Increasing challenges and complexities of business have forced data warehousing to become a distinct discipline. Over the years this has led to best business practices, improved technologies, and hundreds of books being published on the topic.
Instead, this article will discuss the future of data warehousing and how it has been impacted by the cloud. Over the past decade, we have seen multiple new cloud data warehousing technologies pop up and be responsible for the largest software IPOs in history.
All because of a data warehouse.
A technology and discipline that is rarely even discussed in most computer science or IT degrees in college. Yet almost every large and medium organization has some form of the data warehouse.
It’s estimated by the year 2025 that the data warehouse market will near double from its current 18 billion USD market cap to 30 billion USD.
In this article, we will not only discuss why so many businesses are willing to invest in a data warehouse but we will also discuss how the cloud has improved data warehouses as well as leveled the playing field for businesses of all sizes.
So whether you want to learn more about data warehousing or you are a director, small business owner, or CEO this article will help you understand the vast world of data warehousing.
Before we talk about Cloud data warehousing. We need to understand why data warehousing is important.
Investing in a data warehouse is very expensive. Regardless of the size of your company.
At the end of the day, all a data warehouse is, is a copy of the same data from your internal databases and third-party tools.
So why not just pull the data from there?
There are several reasons.
Performance is one of the main reasons for creating a data warehouse. Just pulling data from an application database for analytical purposes can cause problems both for the analytics as well as for the application.
If analysts were to directly access application databases, they may slow down their performance because often analytical queries will analyze numbers of rows at one time.
Also, due to the sheer number of updates, and transactions occurring, it is much more likely that either a table will lock or a server will reach capacity which could impact users.
And those are only some of the more surface-level performance issues.
Some of the other performance factors you will deal with are caused by the fact that analytical processes are very different than transactional.
We can look at the image below and see a general difference.
Transactions generally involve a small number of rows and are either inserting, deleting, or updating.
Analytical clauses are usually pivoting, aggregating, and attempting to create some sort of metric. One SQL clause might be querying entire tables all at once.
An application database is developed to better handle the first case and not the second.
Application databases require lots of joins due to their level of normalization. This isn’t just hard for analysts and users to deal with. It can also slow down general queries.

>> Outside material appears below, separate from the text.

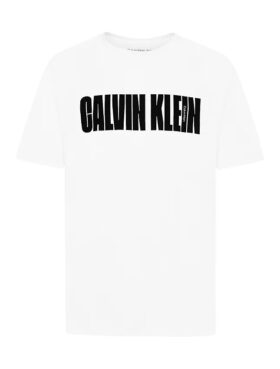 T-shirt de gola redonda com logótipo Ck em letras maiúsculas para meninos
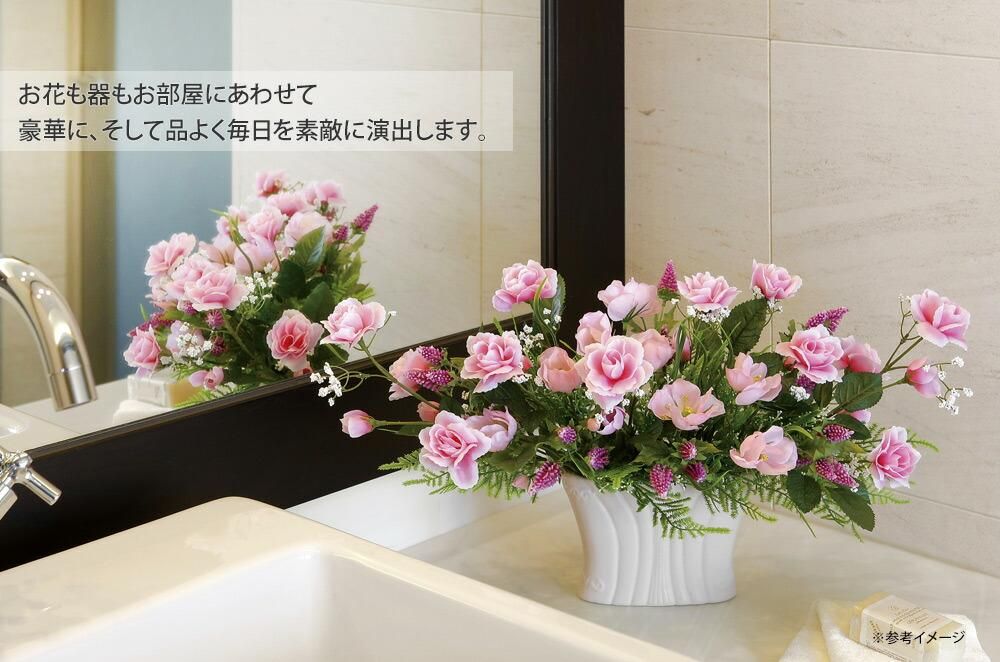 アートフラワー キューティーローズ 〔テーブルタイプ〕 インテリア 部屋に飾る 花 おしゃれ ギフト 華やか 御祝 造花 プレゼント リビング 玄関 キッチン フラワー アレンジメント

Also, Analytical queries will often benefit from a more columnar approach to how the data is stored(which is very common in modern data warehouses) and not a row based version.
Overall, the design of a data warehouse, infrastructure, and general usability requirements push for companies to develop data warehouses.
One of the other key factors about a data warehouse is that it centralizes all of your companies’ various workflows in one place.
For example, if your teams were to just use the application databases and third party reporting. They would need to extract, download, and then mesh all the data together in their Excel and Tableau dashboards and documents.
Besides being very error-prone, this is also very time-consuming. We aren’t even referring to all the cleaning of data required.
But just the process of pulling it all together.
Instead, having a centralized data warehouse avoids this problem by creating a single layer of data where analysts can interact with the data.
The data itself is already processed and cleaned, and often there is the addition of relational keys between different data sets.
This makes it much easier for analysts to start meshing data from finance, sales, HR, and all the other business departments without pulling the data out manually.
If you have followed some of our previous articles where we discussed how to design a data warehouse, then you know that data warehouses tend to follow a star or snowflake schema.
These schemas are not just often faster in terms of performance due to their reduction of joins and slightly denormalized design.
They are also conceptually easy for analysts to understand.
The focus on a central business workflow as a fact table with all the descriptive information surrounding it in dimension tables is not difficult to understand.
This is much friendlier than the overly normalized application database that will take time for analysts to understand and will often cause problems as analysts incorrectly join across tables.
Thus, the design of a data warehouse in itself is much more friendly and can save a lot of time and future headaches.
Despite all these benefits, data warehouses were still running into a lot of issues with performance, cost and general administration.
The original data warehouses were built on servers on-premise. Often, if you wanted to scale the size of the data warehouse or increase the speed you would need to increase memory or ram by getting more powerful servers.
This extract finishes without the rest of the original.